Robin Williams plays the manager of a photo processing department of a large discount store. He develops an unhealthy infatuation with a family whose photos he develops.
An okay movie, but it's hard to rank it anywhere near The Piano Teacher on the Disturb-O-Meter.
Sprokets isn't a movie, but it should be. It's the "West German Television" variety/artsy/discussion/uberweltschmerz show hosted by "Dieter" and "Klaus," his monkey. Of course, this was all just the creation of Saturday Night Live comedian Mike Myers.
One of Dieter's topics was something he called "Germany's Most Disturbing Home Videos." Dieter made liberal use of the word "disturbing."
So now, years after Dieter quit making his appearances, I still love to say of a film, "It was very distuuuuuuurbing." Then, like Dieter, I say, "Now's ze time on Shprockets when vee dahnce." And I do robot dancing to imaginary synth music.
Oh, and here's a transcript of a portion of a Sprockets episode.
Dieter: It has been a very busy week here in Berlin. Jourgen von
Keitel's exhibit "Scabs On Canvas" opened at the Schussel Calle,
the Gertrude Bromf troupe previewed their performance in wax at the
Theater of Unhappiness, and the Berlin wall was dismantled. For the
masses the wall's collapse represents freedom and opportunity.
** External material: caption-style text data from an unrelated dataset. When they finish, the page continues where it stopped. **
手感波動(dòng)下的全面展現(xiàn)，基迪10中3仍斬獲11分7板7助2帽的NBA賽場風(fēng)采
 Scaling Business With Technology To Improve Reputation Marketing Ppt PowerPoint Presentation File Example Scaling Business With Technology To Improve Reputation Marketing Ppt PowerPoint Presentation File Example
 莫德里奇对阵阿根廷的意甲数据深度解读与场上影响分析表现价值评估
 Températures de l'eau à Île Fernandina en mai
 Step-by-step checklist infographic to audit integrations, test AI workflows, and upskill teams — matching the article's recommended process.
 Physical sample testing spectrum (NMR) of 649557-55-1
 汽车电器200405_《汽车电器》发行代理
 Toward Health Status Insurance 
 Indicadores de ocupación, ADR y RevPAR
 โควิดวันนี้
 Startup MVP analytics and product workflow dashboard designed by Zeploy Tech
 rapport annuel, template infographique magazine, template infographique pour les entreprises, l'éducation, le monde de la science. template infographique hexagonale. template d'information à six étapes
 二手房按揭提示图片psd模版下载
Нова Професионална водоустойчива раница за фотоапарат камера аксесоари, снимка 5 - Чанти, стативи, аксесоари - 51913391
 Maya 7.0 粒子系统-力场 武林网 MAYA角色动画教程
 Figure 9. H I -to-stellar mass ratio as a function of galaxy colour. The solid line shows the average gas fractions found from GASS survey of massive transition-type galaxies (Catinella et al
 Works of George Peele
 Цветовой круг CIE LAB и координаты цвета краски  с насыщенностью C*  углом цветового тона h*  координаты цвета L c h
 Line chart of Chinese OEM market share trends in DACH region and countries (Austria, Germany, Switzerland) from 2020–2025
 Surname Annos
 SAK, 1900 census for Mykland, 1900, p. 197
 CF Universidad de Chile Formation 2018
But
for me, it is a chance to meet the most brilliant countercultural
filmmaker in the East, Gregor Voss. Seen here on East German
television last year, Voss, the suppressed visionary whose films
include "The Dead Coat", "Irritant Number 4", and "Here Child,
Finish Your Nothing", he entered the West three days ago, and has
agreed to appear on Sprockets and speak with me, his greatest fan.
Please welcome Gregor Voss.
D: Welcome to Sprockets, Gregor Voss.
GV: Whoo! Yah, is great to be here, Dieter.
D: Gregor Voss, your presence intimidates me to the point of
humiliation. Would you care to strike me?